I think you should start 5 more threads about the same crap.









I dont trust anybody who puts out millions to get a job that pays pocket change compared to that.


----------



## Jebus (Feb 29, 2004)

If you live in canada DON'T vote conservative.


----------



## DrewBoOty (Nov 23, 2002)

Jebus said:


> If you live in canada DON'T vote conservative.


yeah because this thread has everything to do with canada.... .


----------



## airtorey15 (Jun 15, 2003)

I can't vote!


----------



## thePACK (Jan 3, 2003)

yes and i believe everything on the net as well...lol..

i'm still waiting for GAP to send me a check for every person i send a email too....f*ck chain letter


----------



## scrubbs (Aug 9, 2003)

Jebus said:


> If you live in canada DON'T vote conservative.


interestingly enough, Canada's tax freedom day was on election day june 28. A lot later than our friends south of the border.

Also, don't forget that kerry has a extremely rich wife, who is heir to the heinz money. Some of those places could have been her's before.

The original poster also provided no data for the post either.


----------



## scrubbs (Aug 9, 2003)

type in tax freedom day into google, the first page that comes up shows a fault in the email. This is the earliest tax freedom day in 37 years, not since '91. Still shows something though.


----------



## thePACK (Jan 3, 2003)

> Another interesting fact: Both George Bush and John Kerry are wealthy men.


i laugh at this statement...wtf...name a politician that lives in the ghetto,name a politician that lived off food stamp or welfare..none..all rich fucks that don't give a sh*t about us..beside whats or who putting greens in there pockets...wow,who ever wrote this sh*t is a real genius..









what next bush and kerry also went to school?? ..fact..

they have ten fingers..fact

they have hair and eyes...fact..

yeah tell me something new..


----------



## bobme (Feb 17, 2003)

thePACK said:


> > Another interesting fact: Both George Bush and John Kerry are wealthy men.
> 
> 
> i laugh at this statement...wtf...name a politician that lives in the ghetto,name a politician that lived off food stamp or welfare..none..all rich fucks that don't give a sh*t about us..beside whats or who putting greens in there pockets...wow,who ever wrote this sh*t is a real genius..
> ...


 Ok ....

Kerry's penis has sideburns.


----------



## thePACK (Jan 3, 2003)

bobme said:


> thePACK said:
> 
> 
> > > Another interesting fact: Both George Bush and John Kerry are wealthy men.
> ...


 and i thought he had a afro...lol :laugh:


----------



## rchan11 (May 6, 2004)

piranhaha said:


> bush is a genious.:laugh:


 Bush graduated from Yale and Harvard.


----------



## DrewBoOty (Nov 23, 2002)

rchan11 said:


> piranhaha said:
> 
> 
> > bush is a genious.:laugh:
> ...


with much help... the kinda people who goto those schools dont get grades like bush did when he was there, if they did, it would mean suicide or serious psychological problems.

he could have never did it without the help of daddy.


----------



## DrewBoOty (Nov 23, 2002)

yale/harvard graduates also dont talk like a dumbass.

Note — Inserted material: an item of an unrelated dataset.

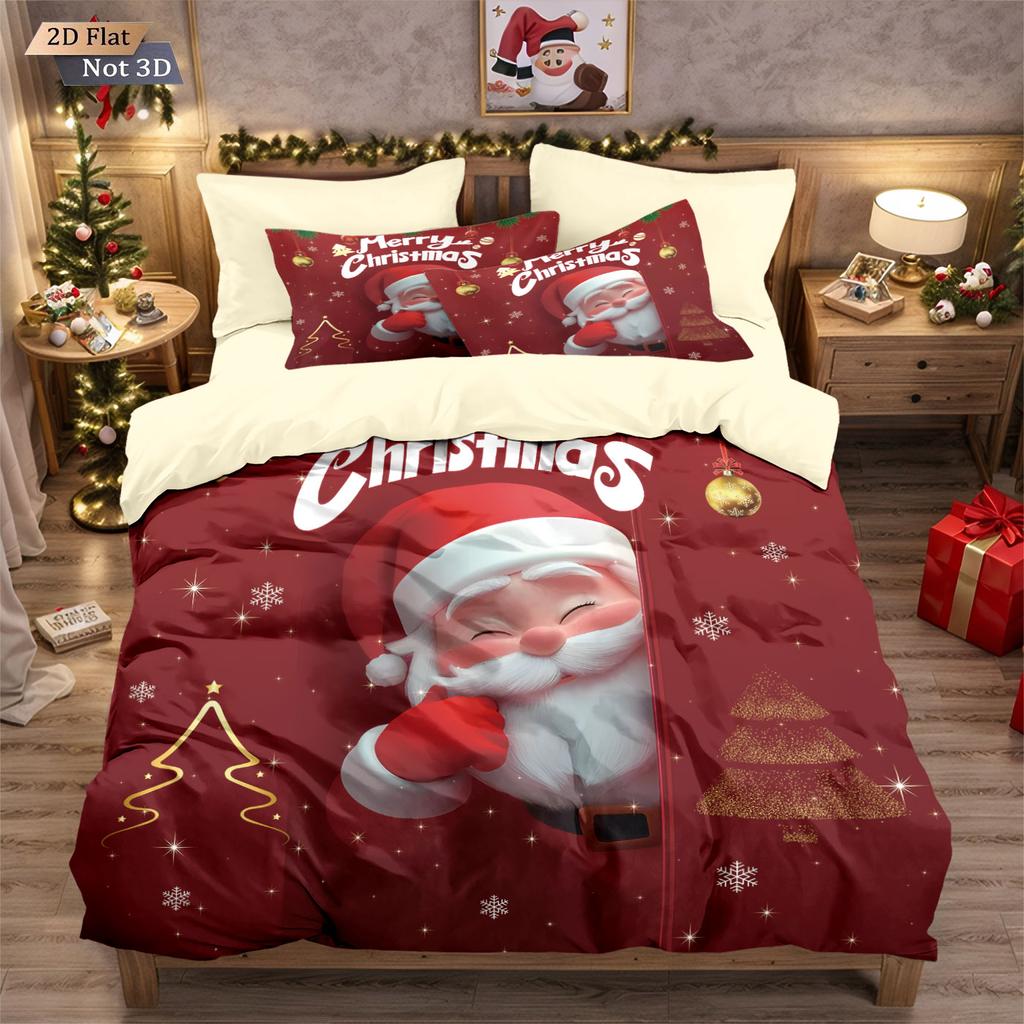 3pc Merry Christmas Cartoon Santa Claus Printed Chipless Quilt Set Multi Size Bedrooms Dormitory Bedding Holiday Decoration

NOBODY bush lover or hater can deny his public stupidity. hes probably the only president that says "umm" 4 times a sentence.

"umm well, were gonna do some work, some umm important work. see umm you dont have to be in washington to get work done, people dont understand umm.. that you can get work done."

everytime he says something its like hes put on the spot and just doesnt know how to reply.


----------



## qwuintus (Feb 3, 2003)

Wtf, this thread is rediculous. If you want to choose your president based on his personal life so be it, I have no argument there. From what the topic is impling, I am getting that you are trying to say that Bush has less money and pays more taxes than Kerry because he is evading them.
Well even if Kerry was doing that, then shame on him. Yet shame on bush even more-- have you seen the way he gets his money? *cough* Texas tea. 
Either way, I think they both have their bads, but bush has already been given a chance and for the majority fucked it all up. If he gets re-elected *cough* if the american people are retarded enough to do such a thing, I bet hes going to get shot but some loon.
my .02

bobme- your f*cking hiliarious








drew-


----------



## rbp75 (May 2, 2004)

I think this election is a win-win situation for bush voters. If bush wins we get to point and laugh at all of the pissed off kerry supporters. If kerry wins we get to point and laugh at all of the pissed off kerry supporters after realizing how bad he F%$#ed up this country and know that every one of them are directly responsible for the sh*t hole he has created.


----------



## DrewBoOty (Nov 23, 2002)

rbp75 said:


> I think this election is a win-win situation for bush voters. If bush wins we get to point and laugh at all of the pissed off kerry supporters. If kerry wins we get to point and laugh at all of the pissed off kerry supporters after realizing how bad he F%$#ed up this country and know that every one of them are directly responsible for the sh*t hole he has created.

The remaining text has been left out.